» **EXTRACTED DATA**:
● ● ● ●

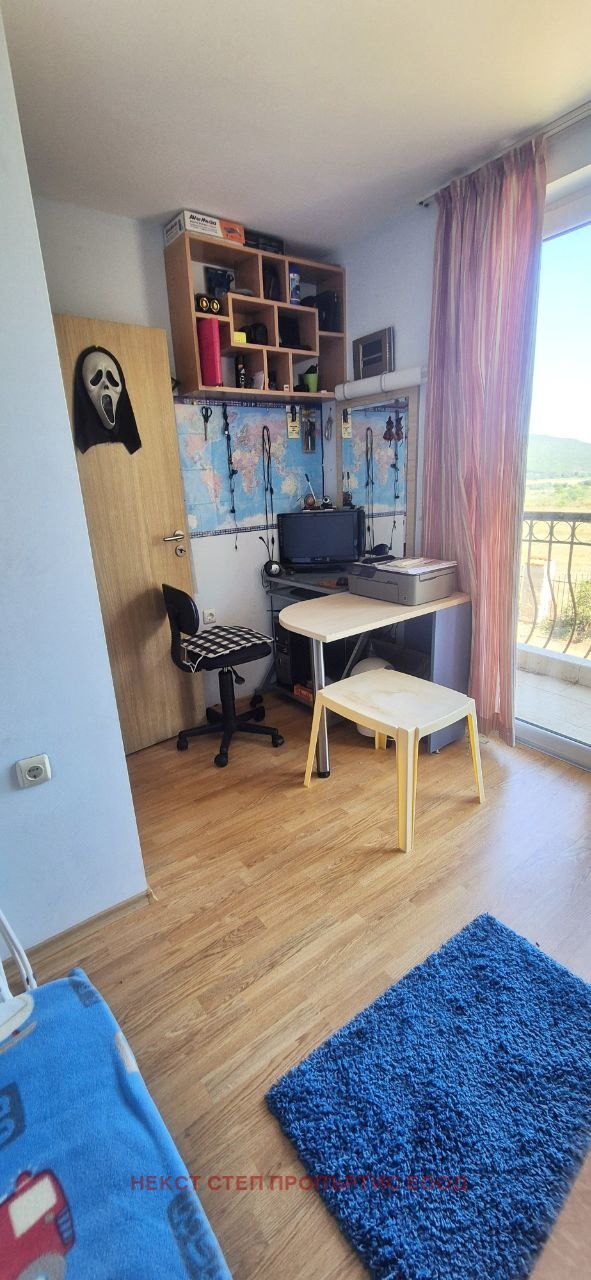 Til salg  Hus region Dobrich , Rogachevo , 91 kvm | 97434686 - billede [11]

● ● ● ●

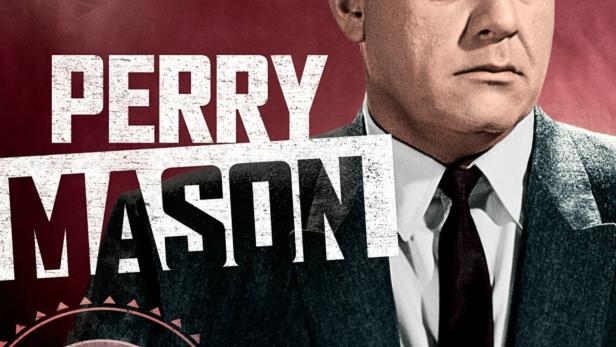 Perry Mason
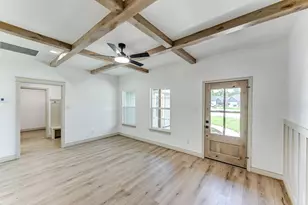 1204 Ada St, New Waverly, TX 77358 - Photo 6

● ● ● ●

» **WORK REQUIRED**:
Return the stretch of data that begins with the line showing "Perry Mason" and goes on through the line showing "1204 Ada St, New Waverly, TX 77358 - Photo 6", exactly, with pictures removed.

» **ANSWER**:
 Perry Mason
 1204 Ada St, New Waverly, TX 77358 - Photo 6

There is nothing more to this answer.